Но они побоялись идти туда; ночь была.
К утру шум утих.
– Устал, бедняга! – говорят охотники, – надо взглянуть на него; не освободить ли его, коли ему так уж неловко в железном обруче…
Идут они, и вдруг остановились, словно им кто нибудь пылью глаза засыпал, даже ружья дрогнули у них в руках, а у Тиралы, говорят, ружье и совсем из рук вывалилось.
Сорванные ветви, вырванные с корнем деревца, поваленный сухостой, кучи щепы, коры – целая полянка в лесу образовалась, открытая и светлая; а под сосной человек лежит в изорванной горской рубашке, с изодранным поясом, весь в крови, со слипшимися от крови волосами, исцарапанный, покрытый ранами, словно по нем боронили. Думали они, думали, что делать, подойти или убежать, – так им стало страшно.
– Не иначе, как чорт взбесился! – говорит Цапек.
– Или боролся с каким-нибудь духом, и тот его одолел, – говорит Сулся.

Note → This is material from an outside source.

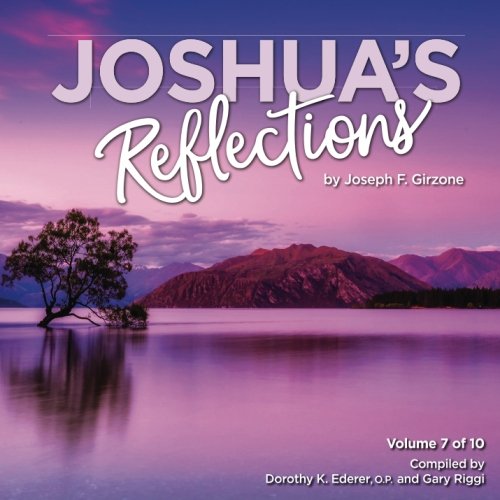 Beispielbild fr Joshua's Reflections: Volume 7 zum Verkauf von ThriftBooks-Atlanta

– Эй! – говорит Тирала из Костелиск, (он охотник был в такие вещи верить), – я знаю! Уж не тот ли это грешник, что грехи свои, как живое мясо, в руках носит и зубами рвет?
– Или черти подрались – говорит Цапек.
– Или, кто знает, уж не чорт ли человека задушил и сюда швырнул, – говорит Сулоя.
– И! – говорит Тирала. – Чего ж бы ему было до утра с ним в лесу возиться?! Что же ты думаешь, это так, как в корчме бывает, когда двое мужиков начнут таскать друг друга за чубы? Злому духу довольно коснуться человека! Только пальцем ткнет он тебя, а ты уже там!..
Но старик Андрей Сечка, мудрый мужик, ничего не говорит, только смотрит и ворчит:
– Чего сказки рассказывать? Краснобай! Я этого мужика откуда-то знаю. Подождите-ка! Солнце ярко засветило, присмотрюсь я.
Подошел, смотрит, кричит:
– Э! Да ведь это Дикий Горец из Югрова! Видел я его не раз и не два! Не иначе, как он рехнулся! Никто тут такой кутерьмы, кроме него, поднять не мог! Поранил ветвями грудь, шею, лицо, руки – страсть! Как решето стал! Что это с ним случилось! Люди милые!..
– Ну, и мужик же был! – говорит Тирала.
Все уже набрались храбрости и подошли к нему вслед за Сечкой.
– Дикий Горец? Луптовский? Я его знал! – говорит Сулся. – Ты ему, бывало, только в руки попадись, сразу в воздухе станешь зубами пятки ловить! Видел я его на ярмарке в Левоче, когда он коня на спину взвалил, как ягненка.
– Эх! Встречал и я его несколько раз, – говорит Сечка. – Раз он мельничное колесо рукой остановил. Мы как раз из города ехали. Мельник бежит – что за дьявол?! – и перекрестился даже, а тот держит и смеется, шельма. Что дашь, – говорит, – за то, чтоб я пустил колесо. Дал ему мельник два талера, нельзя было иначе. Да и мельник не бедный человек, Каминский из Шафляр.
– Отец! Сечка!.. Слышите? – отозвался Сулея. – Мне сдается, что он еще жив! Дрожит!
Нагнулся Сечка, а он, Дикий Горец, глаза открыл и шепчет:
– Эх! Что меня одолело? Девка и лес одолели…
И умер.
ФРАНЕК СЕЛИГА И ГОСПОДЬ БОГ
Был мужик, Франек Селига; он в Магуже в рудниках работал; руду доставал. Красив он был так, что, когда он шел по деревне, бабы дрожмя-дрожали. И гордился же он своей красотой, страсть! – хвастался… И тем он еще кичился, что родом был шляхтич, – так о Селигах и Зыхах Витовских говорят.